To handle both these issues the original gas price needed to be accessible and these points of the calculation so to avoid these problems. Since this price is determined per-tx, a new field - OrigGasPrice - has been added to the internal transaction struct and is initialized right before discount introduction for future processing.
It should be noted that this field is geth-internal and is not visible to users via the tx receipt or any other mean.

Account-Abstraction support

Since this feature was designed to only work between EOAs and since ERC-4337 always relies on smart-contract logic rather than private-key, no discount will be provided for AA accounts. While I could thinks of ways around this limitation, mostly involving creating some sort of detection-mechanism for paymasters, these will involve an amount of complexion we're currently better off without.

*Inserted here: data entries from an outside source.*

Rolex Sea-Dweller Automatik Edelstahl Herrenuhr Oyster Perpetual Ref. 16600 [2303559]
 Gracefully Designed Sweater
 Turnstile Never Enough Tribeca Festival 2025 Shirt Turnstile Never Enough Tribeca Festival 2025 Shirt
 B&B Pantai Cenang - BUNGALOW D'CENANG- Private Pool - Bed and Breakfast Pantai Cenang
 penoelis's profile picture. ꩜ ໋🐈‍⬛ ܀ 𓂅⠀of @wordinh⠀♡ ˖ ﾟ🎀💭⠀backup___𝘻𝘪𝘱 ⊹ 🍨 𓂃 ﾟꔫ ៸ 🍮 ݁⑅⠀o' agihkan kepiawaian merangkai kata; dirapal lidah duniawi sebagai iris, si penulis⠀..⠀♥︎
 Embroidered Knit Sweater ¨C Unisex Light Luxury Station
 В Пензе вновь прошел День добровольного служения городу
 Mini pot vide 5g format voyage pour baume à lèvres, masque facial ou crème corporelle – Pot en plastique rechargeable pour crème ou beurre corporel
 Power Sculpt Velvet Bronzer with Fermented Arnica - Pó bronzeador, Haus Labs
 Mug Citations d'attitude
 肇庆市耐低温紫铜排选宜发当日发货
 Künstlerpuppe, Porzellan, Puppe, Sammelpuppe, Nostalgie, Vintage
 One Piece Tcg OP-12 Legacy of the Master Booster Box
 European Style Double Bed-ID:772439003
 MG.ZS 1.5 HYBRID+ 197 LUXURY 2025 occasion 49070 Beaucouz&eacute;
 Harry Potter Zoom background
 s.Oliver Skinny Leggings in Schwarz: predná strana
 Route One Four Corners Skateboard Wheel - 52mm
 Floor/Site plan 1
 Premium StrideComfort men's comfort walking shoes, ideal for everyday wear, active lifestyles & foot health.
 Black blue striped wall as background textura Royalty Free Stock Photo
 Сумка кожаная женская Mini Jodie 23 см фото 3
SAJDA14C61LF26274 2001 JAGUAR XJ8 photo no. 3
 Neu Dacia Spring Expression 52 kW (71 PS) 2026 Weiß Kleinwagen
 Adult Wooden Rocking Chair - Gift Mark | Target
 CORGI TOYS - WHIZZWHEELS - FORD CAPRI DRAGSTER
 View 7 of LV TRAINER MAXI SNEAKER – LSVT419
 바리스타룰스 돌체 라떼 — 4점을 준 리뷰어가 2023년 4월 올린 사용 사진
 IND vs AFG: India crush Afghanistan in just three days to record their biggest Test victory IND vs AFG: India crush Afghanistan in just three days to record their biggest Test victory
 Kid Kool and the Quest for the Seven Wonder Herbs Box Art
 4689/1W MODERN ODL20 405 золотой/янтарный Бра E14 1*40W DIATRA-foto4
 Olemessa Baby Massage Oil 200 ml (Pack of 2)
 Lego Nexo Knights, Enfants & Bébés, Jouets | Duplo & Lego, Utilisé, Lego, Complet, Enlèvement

Valid native-transfer detection

The following conditions are used to detect a native-transfer tx which is applicable for discount:

  1. Data size = 0 so to omit transfer commands issued from a smart contract
  2. Value > 0 so not to deal with non-transfer txs
  3. Gas units = 21k so to omit transfer txs aimed to a non-EOA (i.e. a smart contract)

It should be noted that condition #3 also allows us to omit txs issued from a contract's constructor, where data size is still zero due to the contract not yet being deployed.

Limitations

  1. (by design) Only applicable to EOA target so not to discount potentially costly contract logic
  2. (by design) Applicable only for EOA i.e. transferring Core to a smart-contract - even if it's receive() logic is empty - will still be under old prices
  3. (by design) Discounts will not be applied for 'internal txs' where a smart contract issues a transfer command as part of its internal logic
  4. Discount will only be provided if the transaction data field is empty
  5. Not applicable to txs issued directly from a node terminal: since the vast majority of the txs are sent via RPC, we decided to apply the Pareto principle here
  6. Burning addresses (0x00, 0xDEAD etc.) were not ruled out and will be discounted as well. Again Pareto principle.

Executed tests

  1. send native tx to EOA via RPC to the miner node ==> discount
  2. send native tx to EOA via RPC to a non-miner node ==> discount
  3. send native tx to contract destination via RPC to a miner node
  4. send native tx to contract destination via RPC to a non-miner node
  5. send a contract function internally containing a non-bounded native transfer call to an EOA to a non-miner node
  6. send a contract function internally containing a non-bounded native transfer call to an EOA to a miner node
  7. send a contract function internally containing a native transfer call bounded to 21k gas units to an EOA to a miner node
  8. send a contract function internally containing a native transfer call bounded to 21k gas units to an EOA to a non-miner node

Only (1) and (2) have resulted in a discount, as should be.